* Problem description *
For the listing below, return the line containing "localisation de l'entreprise", the line containing "Ranchy Life cowhide", and all lines in between, exactly as written and nothing else.

++++ Material for this exercise

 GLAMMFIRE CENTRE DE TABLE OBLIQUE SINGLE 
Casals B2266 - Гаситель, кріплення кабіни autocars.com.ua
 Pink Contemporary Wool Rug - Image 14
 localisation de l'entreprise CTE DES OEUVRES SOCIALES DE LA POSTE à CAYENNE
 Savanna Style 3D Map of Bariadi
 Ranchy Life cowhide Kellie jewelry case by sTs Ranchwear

++++++++
++++ Material for this exercise

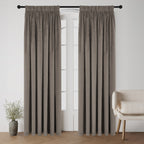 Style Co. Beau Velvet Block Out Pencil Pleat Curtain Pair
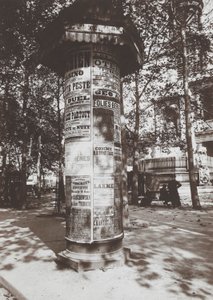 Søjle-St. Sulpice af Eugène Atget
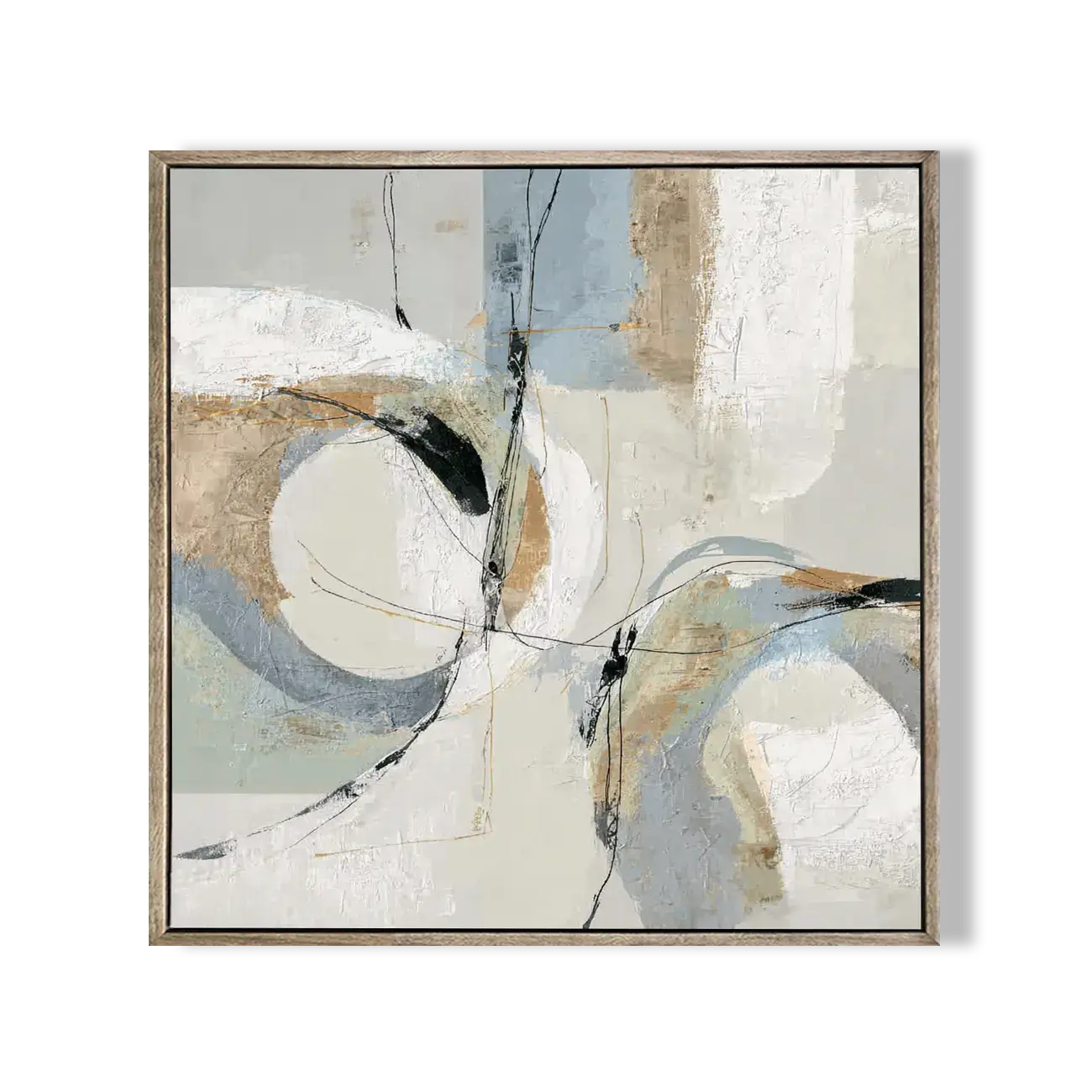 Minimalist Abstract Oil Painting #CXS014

++++++++

* Problem solution *
 localisation de l'entreprise CTE DES OEUVRES SOCIALES DE LA POSTE à CAYENNE
 Savanna Style 3D Map of Bariadi
 Ranchy Life cowhide Kellie jewelry case by sTs Ranchwear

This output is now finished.